Pubblichiamo un’intervista al prof. Stefano Zamagni sul volontariato tratta dal il V dossier, la nuova rivista trimestrale (gratuita) edita da Ciessevi, Centro servizi per il volontariato nella provincia di Milano…
Secondo Lei, di che cosa ha bisogno soprattutto il volontariato oggi?
Di una cosa semplicissima, ma allo stesso tempo molto impegnativa. I volontari bisogna mandarli a scuola di reciprocità. Che vuol dire? Significa che non si può pensare che un’associazione di volontariato sia basata soltanto su uno spontaneismo di tipo emozionale. Ecco perché ai volontari bisogna fare lezione. Io faccio sempre questo esempio: a chi vuol diventare prete lo si fa studiare sei o sette anni in seminario; gli insegnano teologia, filosofia, psicologia, esegesi, ecc. Con ciò intendo rimarcare che non basta che una persona affermi “io ho la vocazione di fare il prete e mi fate diventare prete”. Così come non può essere sufficiente che una persona dica “io ho la vocazione di fare e lo faccio”. Questa è una strada di corto respiro. Se vuoi fare davvero il volontario devi metterti a studiare. Cosa vuol dire studiare? Non vuol certo dire studiare per superare l’esame, ma significa acculturarsi. Purtroppo ci sono dei volontari che ancora confondono il principio di reciprocità con il principio dello scambio; che non sanno distinguere tra dono come regalo e dono come gratuità, eccetera.
Lei dipinge un quadro nero. La situazione sembrerebbe grave. In altri Paesi non è così?
Oggi c’è troppa informazione e c’è una carenza gravissima di educazione. L’informazione è utile, ma non basta. Se una persona vuole far parte di un’associazione, bene, sappia che deve accettare di tornare a “scuola”; una scuola ovviamente “sui generis”. Sono fermamente convinto che occorre che i volontari si mettano a “studiare”, a pensare, che frequentino certi ambienti. Dopotutto è quello che si è sempre fatto in ambito partitico, associazionistico, politico. Si è sempre fatto così, perché non si è parte di un qualsiasi ente se non si ha la conoscenza dei fondamenti ad ampio raggio. La stessa cosa deve valere per il volontariato.
Chi è allora il vero volontario: è anzitutto una persona che si sottopone a un massiccio programma di studio?
Sì. Perché se non si studia non ci può essere capacità di educare alla reciprocità. Solo attraverso lo studio le persone diventano libere. Libere dall’ignoranza, dal condizionamento, dalle manipolazioni. Io ho iniziato a fare volontariato all’età di 14 anni. La mia fortuna è stata quella di avere avuto maestri che mi hanno insegnato a studiare.

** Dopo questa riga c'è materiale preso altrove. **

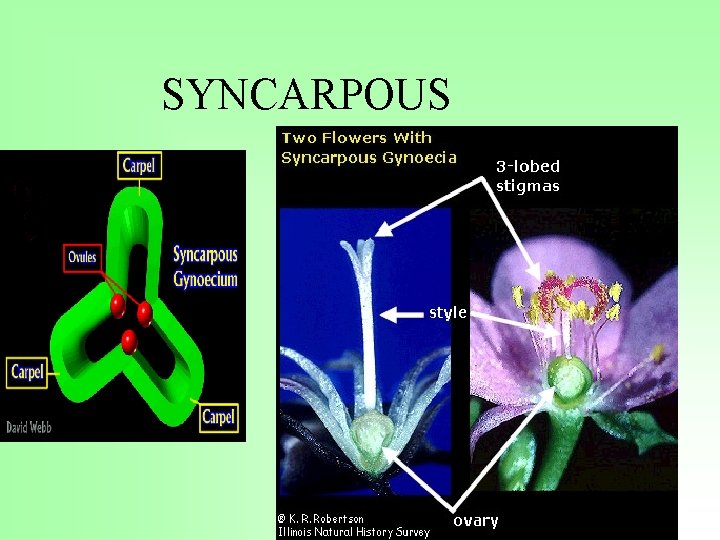 SYNCARPOUS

Oggi occorre avere il coraggio di porre le seguenti condizioni: sei libero di entrare in questa associazione, però sappi che devi studiare. Invece, purtroppo, sta passando l’idea secondo cui le associazioni debbano prendere chiunque. Questa è la distruzione del volontariato.
Eppure a Milano è ormai attivo da anni un ventaglio di corsi di formazione per i volontari.

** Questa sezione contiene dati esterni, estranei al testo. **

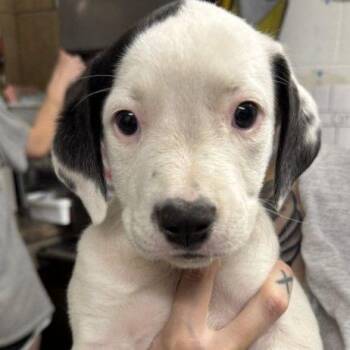 Frito Pie -  Mixed Breed Dog for Adoption in Buffalo, Minnesota - Frito Pie | PetCurious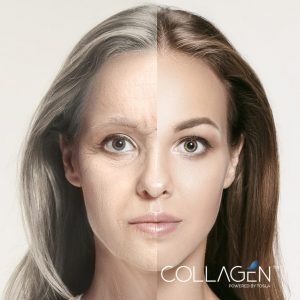 The Best Collagen for Better Health Benefits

Vanno bene. Ma non bastano. I corsi di formazione insegnano le cose base, come quando si va a prendere la patente. Sono soltanto l’abc. Non sto dicendo che non ci vogliono, sostengo che non sono sufficienti. Io parlo di scuola vera e propria. Una volta i partiti, fino a circa 20 ani fa, avevano le scuole di partito. Quando le hanno chiuse si è vista la degenerazione che ha assunto la politica. Allora il volontariato deve fare le sue scuole, perché solo così viene fuori a nuova leadership.
Le persone oggi sono disposte a investire le proprie energie in questo tipo di percorso?

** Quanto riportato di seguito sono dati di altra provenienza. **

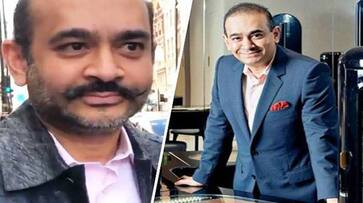 PNB scam: Nirav Modi declared fugitive economic offender by special court in Mumbai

Sicuramente. E lo posso dire con certezza, perché per ragioni professionali giro parecchio l’Italia. Sostengo da tempo che se si facessero scuole vere e proprie di volontariato arriverebbero in tanti. Tenete conto che sono molte le persone dotate e generose che purtroppo rimangono deluse dalle esperienze che hanno vissuto nelle associazioni. Bisogna evitare che nel volontariato si inneschi un processo di selezione avversa, un processo che tende ad attrarre solamente i meno dotati sotto il profilo intellettivo. Basta pensare al volontariato come una sorta di “dopolavoro ferroviario” dove la gente va, parlotta, fa qualcosa pure di buono ma senza una strategia precisa. Oggi più che mai, in un mondo sempre più complesso, dobbiamo ritornare a un concetto forte e alto di azione gratuita.